The list of suspects for who killed federalism is long and, like Murder on the Orient Express, they all did it.  John Howard and the High Court he appointed head the list, having initiated and facilitated, respectively, the greatest centralisation of power ever seen in Australia (although as Wayne Errington points out in his excellent short essay for Peter Van Onselen’s Liberals & Power, Howard’s centralism was pragmatic and driven by an activist agenda, not as an end in itself).  Labor governments, particularly in NSW, have seriously damaged the state government brand through poor management and under-investment.  Labor and the Coalition party machines are also responsible, serving up poor-quality MPs at state level and, in the Liberals’ case, being unable to maintain internal unity.

And ultimately the commitment of both sides of politics to economic reform and reducing costs for business has inevitably led to the push to harmonise regulatory and taxation frameworks across the country.

Those few remaining federalists holed up in backwoods shacks with rifles and canned food can’t look to Tony Abbott, either.  In his book Battlelines, the only area where Abbott seriously departs from John Howard is on federalism — and he thinks Howard didn’t go far enough.  Then again, Abbott has the commendable trait of changing his mind regularly on fundamental issues, so he may yet turn out to be a determined states’ rightist.

Don’t get your hopes up for “health reform” — and the term should be used very loosely — yielding major health benefits or even the sort of dynamic economic benefits that, as Andrew Podger has noted, should flow from eliminating or reducing multiple government funders of health programs.  No one has clean hands in this process.  If you were sickened by the sight of big polluters coming in for their chop on the CPRS, wait til you see state governments lining up to insist they need more funding.
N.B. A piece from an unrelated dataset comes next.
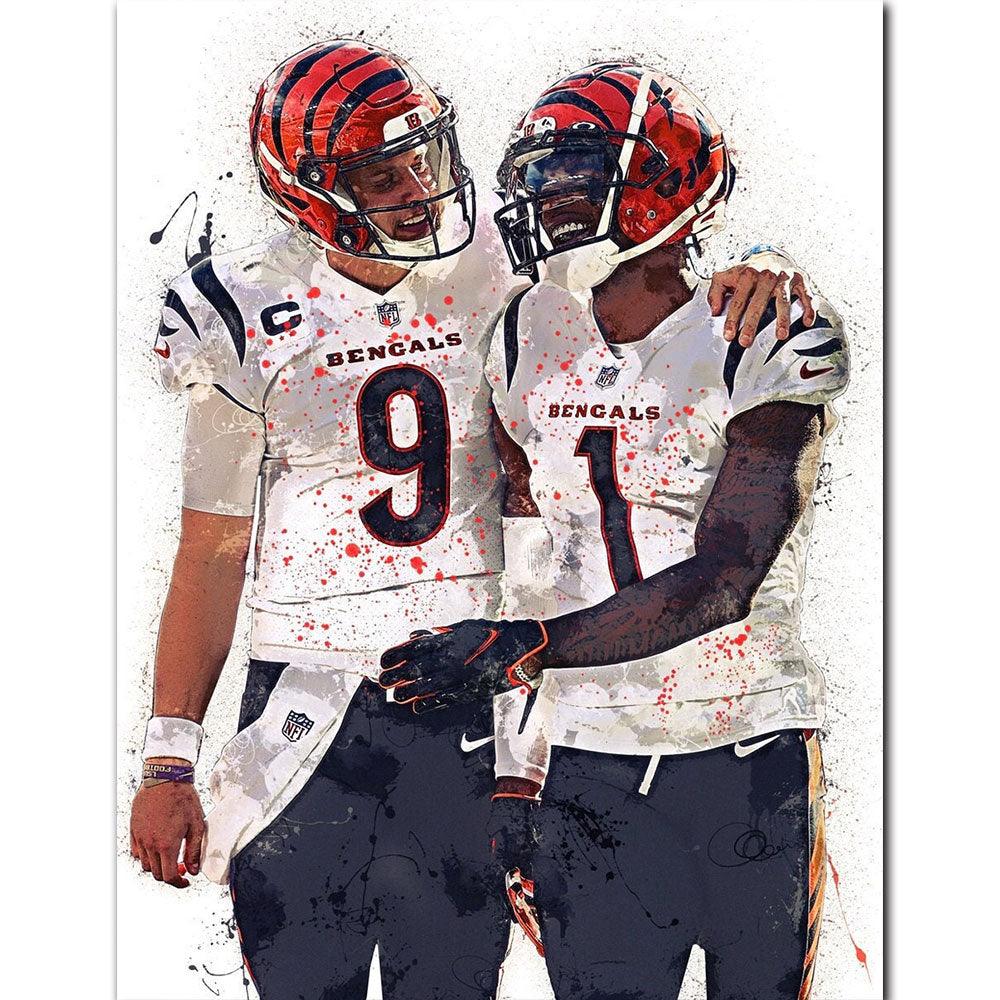 Joe Burrow and Jamar Chase Bengals NFL Wall Art Poster - Aesthetic Wall Decor
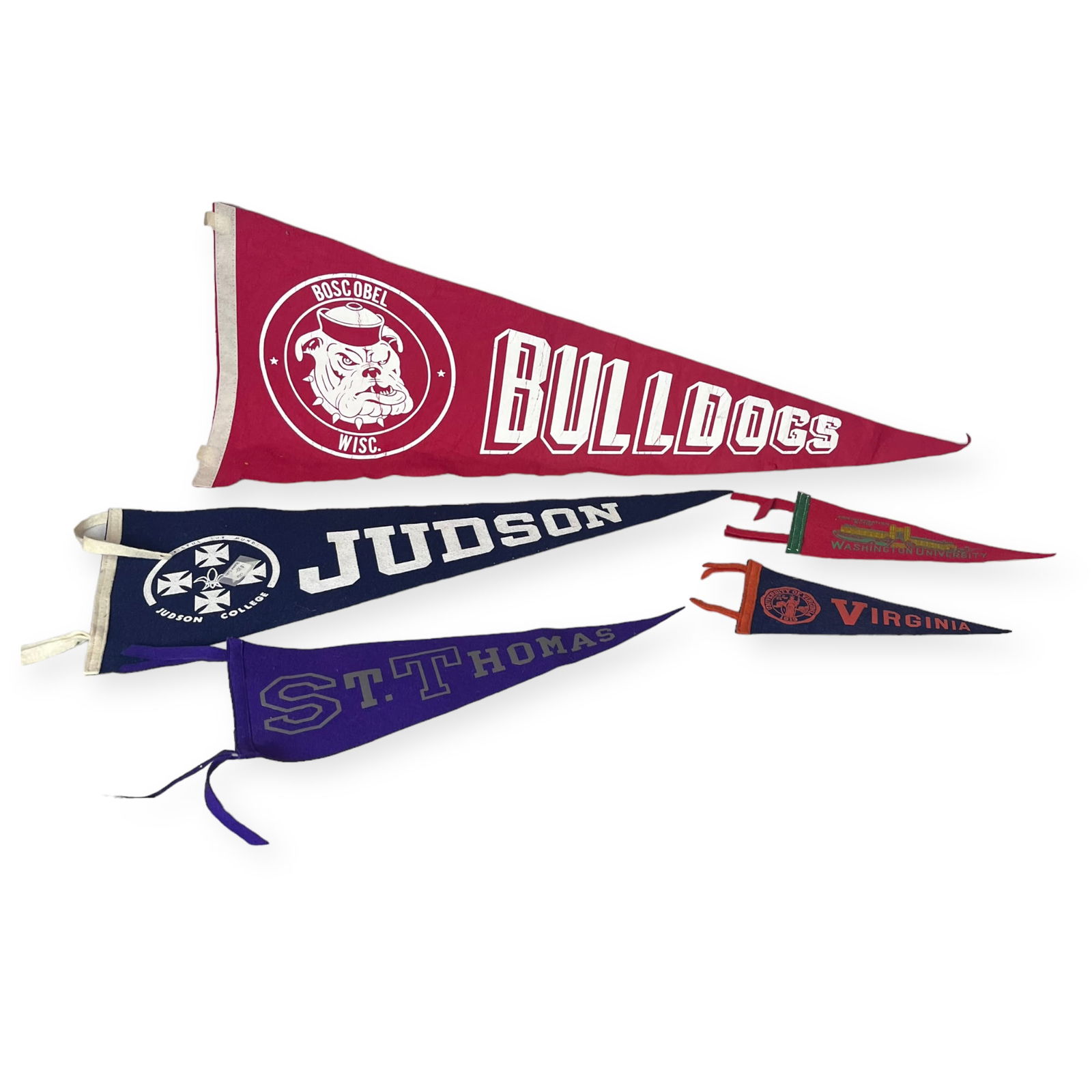 Vintage Lot of 5 College & School Pennants Banners (1 of 2)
Victoria has already done it, insisting there be no actual reform, just more money for it. And the health sector, led by the doctor’s union, will mobilise to grab a share of any extra funding that may be going.

Nor is Kevin Rudd coming to this process with honest intentions, given the  health debate is the outcome of his political strategy to damage the Howard Government while in Opposition and he appears determined to manufacturer a showdown with unpopular state governments on an issue where the public is convinced they’ve been poorly served locally.  To this end, the more the states scream blue murder, the better for Rudd.

And Tony Abbott appears to have changed his mind on health centralisation and, having championed it when Health Minister, now seems set to oppose the Government’s proposals, regardless of what they actually are — apparently there has been an entire turnover of public servants in the past two years, and all the ones who effectively ran Abbott’s programs when he was Minister for Health have been supplanted by bungling Labor incompetents. This means any good policy that might accidentally emerge from the scrum of rentseekers, vested interests and politicians on the make will be opposed in the Senate, bringing that lunatic Steve Fielding into play.

You’ve seen all the tricks and scams before during the ETS debate — the threats and pleas, the dodgy “independent modelling”, the self-interest disguised as the public interest, all run through a compliant media.  Only this time all the participants pretend that they’re deeply concerned about Australians’ health and wellbeing.